--- WORK ITEM ---
Exactly reproduce the line containing "1/18 100mm 3D" and all later lines to the end of the entries, leaving the pictures out of your copy.

──────── RECORDS SUPPLIED ────────

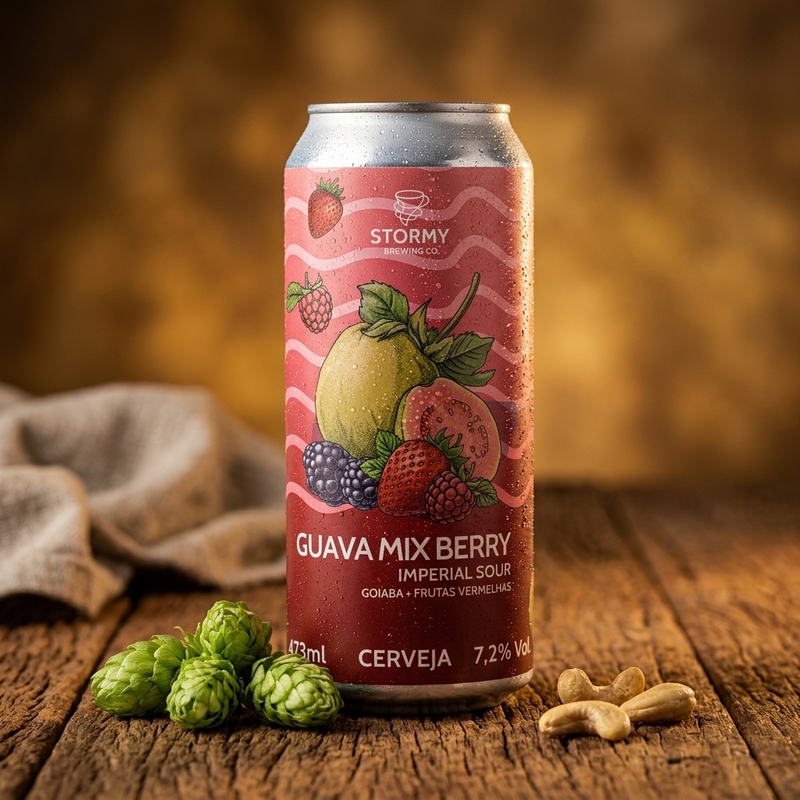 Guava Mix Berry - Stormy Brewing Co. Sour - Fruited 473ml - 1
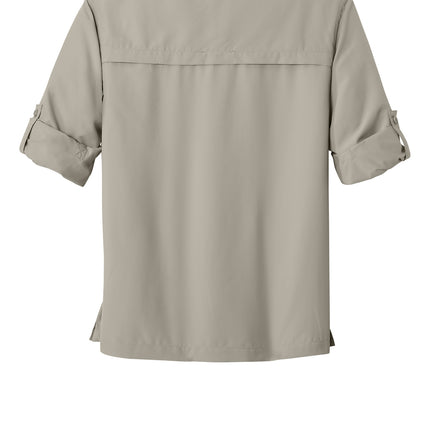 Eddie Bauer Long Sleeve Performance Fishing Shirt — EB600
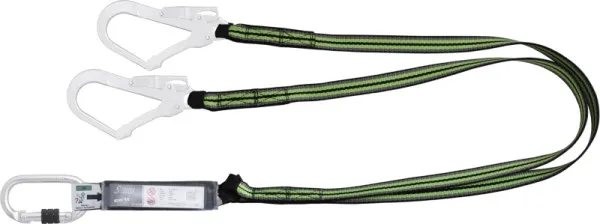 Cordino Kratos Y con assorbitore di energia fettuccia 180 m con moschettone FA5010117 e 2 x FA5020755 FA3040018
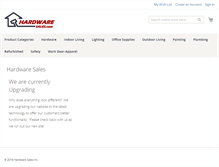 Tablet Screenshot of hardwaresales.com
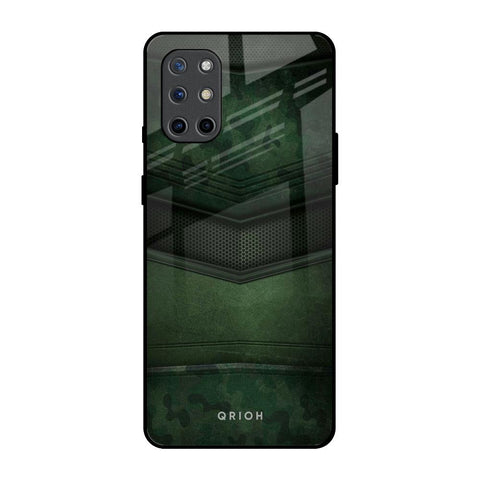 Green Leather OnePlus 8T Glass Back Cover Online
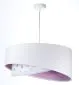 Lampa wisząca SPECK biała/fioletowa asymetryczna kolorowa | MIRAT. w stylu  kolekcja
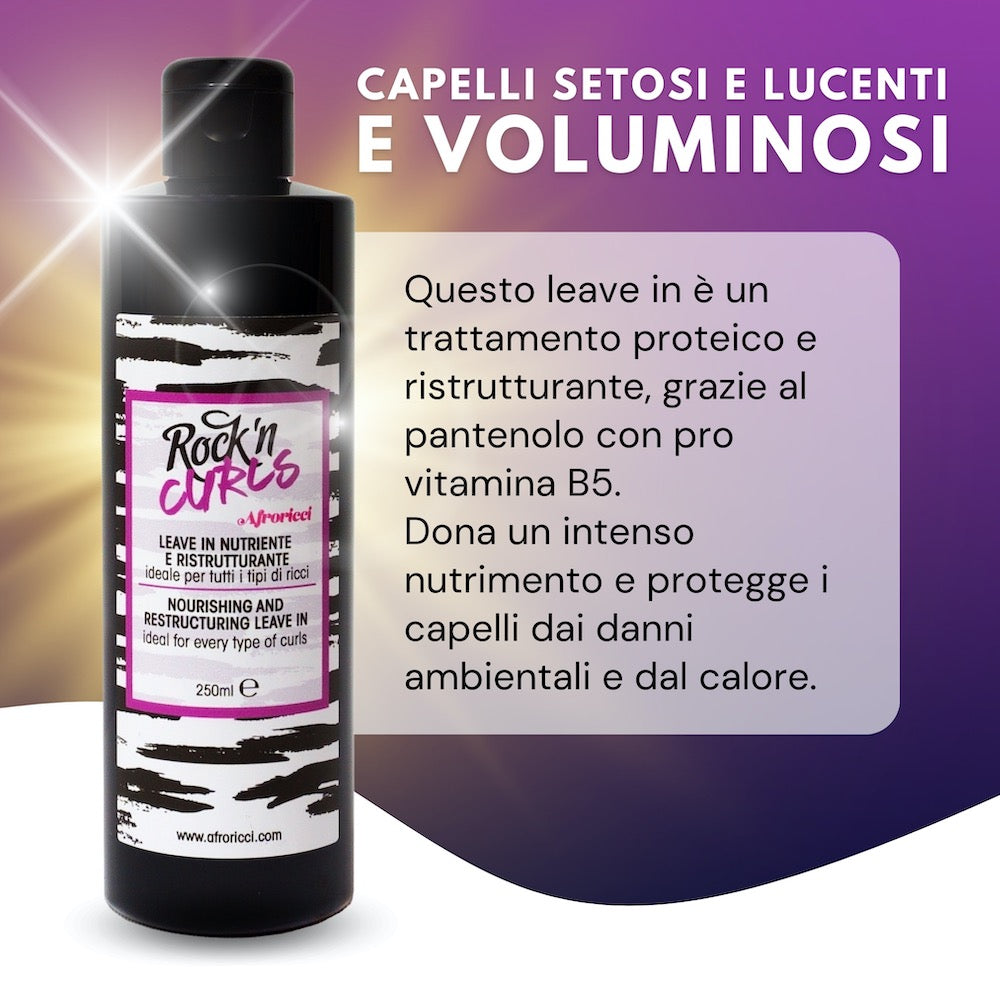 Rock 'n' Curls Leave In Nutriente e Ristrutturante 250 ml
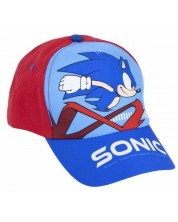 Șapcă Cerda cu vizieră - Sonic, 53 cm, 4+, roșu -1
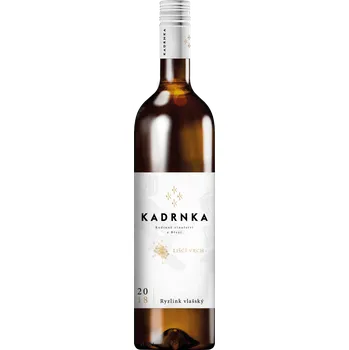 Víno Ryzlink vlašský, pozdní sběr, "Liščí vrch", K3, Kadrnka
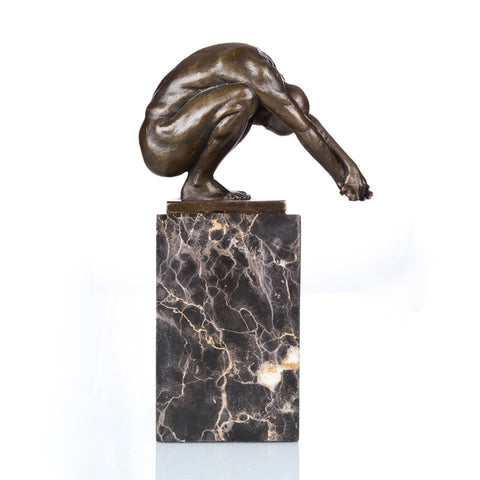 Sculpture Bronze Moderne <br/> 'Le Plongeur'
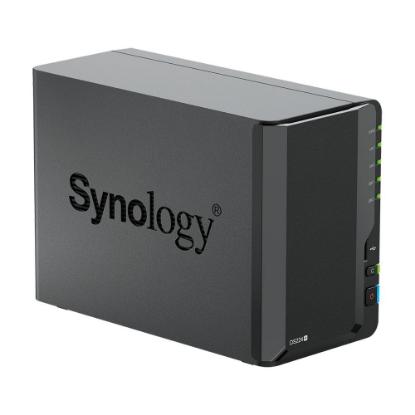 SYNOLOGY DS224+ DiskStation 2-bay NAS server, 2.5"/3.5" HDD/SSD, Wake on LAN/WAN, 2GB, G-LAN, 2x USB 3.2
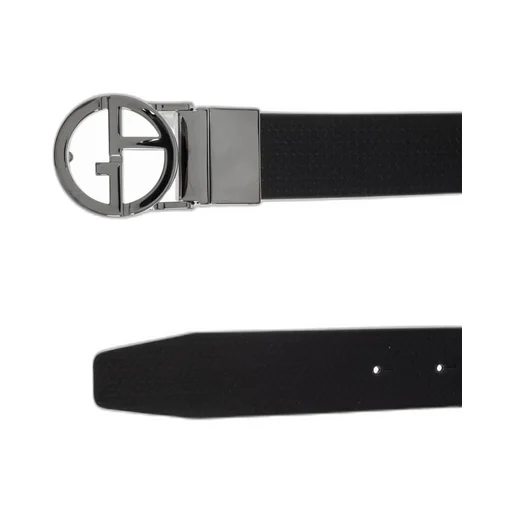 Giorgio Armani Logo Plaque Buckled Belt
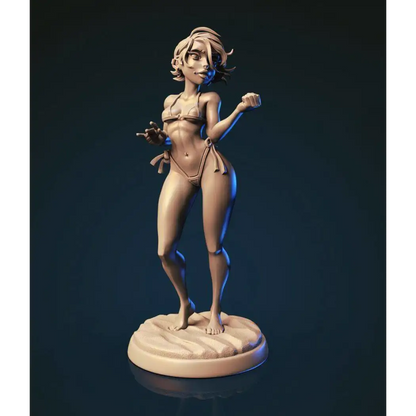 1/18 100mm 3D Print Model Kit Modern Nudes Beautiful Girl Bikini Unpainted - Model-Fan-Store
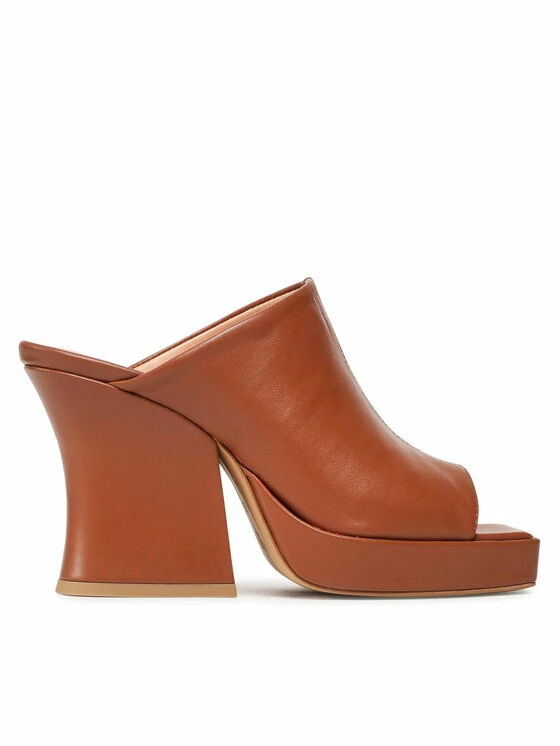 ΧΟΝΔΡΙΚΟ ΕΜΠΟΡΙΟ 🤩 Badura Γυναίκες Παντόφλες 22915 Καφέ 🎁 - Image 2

────────

--- EXERCISE OUTPUT ---
 1/18 100mm 3D Print Model Kit Modern Nudes Beautiful Girl Bikini Unpainted - Model-Fan-Store
 ΧΟΝΔΡΙΚΟ ΕΜΠΟΡΙΟ 🤩 Badura Γυναίκες Παντόφλες 22915 Καφέ 🎁 - Image 2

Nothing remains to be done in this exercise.